Q. Now, when you see your paintings here, what do you feel?
R. First of all, I have had a feeling of surprise. Second, I was terribly afraid of exposure. Because it had been a long time since I had exhibited and the time came when I was not interested in exhibitions, or the art market or anything. I thought my time was up. My public time, let’s say, because I have continued working. Due to the death of José Luis Alexanco and, previously, due to an illness that made us have to leave the workshop, I could no longer do big things and I started with what I did in the pandemic. I have also rescued some stored, covered paintings and… look now: it turns out that I am accompanied by Rubens, and… in the sense that Picasso said: if my family is the Prado, how can I not be happy? Well, look: Rubens (this Martyrdom of Saint Andrew) it’s part of my family and also being here, in a place founded centuries ago, well… it’s a miracle!

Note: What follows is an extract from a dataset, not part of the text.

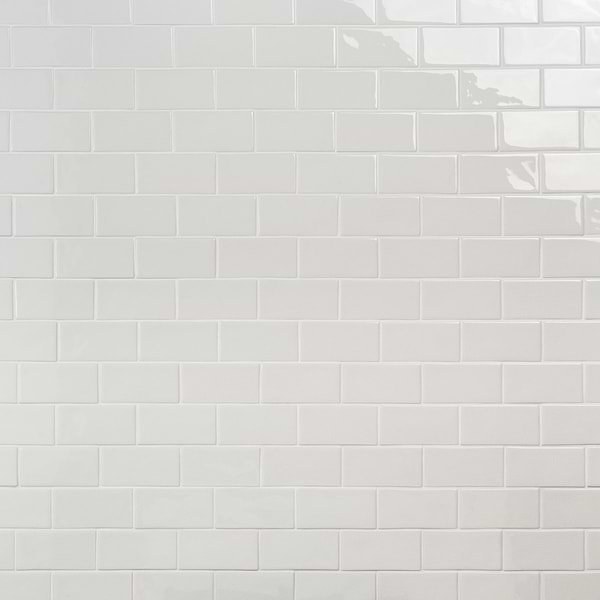 DISCO - Nabi Glacier White 3x6 Crackled Glass Wall Tile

Pedro García Ramos has included in the exhibition phrases that over time have formed part of the reflections that Fajardo has made, in various texts, including interviews. “Since we were children we were rocked in cradles, on swings. They taught us the vertigo of the fall. They covered us with words. Now, in old age, the trap is another; now they sit us in the rocking chair to forget”. “I was entangling with Goya and the teacher took me by the hand to discover the obsessions and the silence of the deaf, to search among those shot at night for encouragement to stay alive”. “Sometimes I recognize myself as an island, as if it were an island with history exhausted by isolation.” “What is painting if not the attempt to fix the image of another reality, or a manual gesture to gain freedom against time”.
A poet painting, now in front of a martyrdom legendary.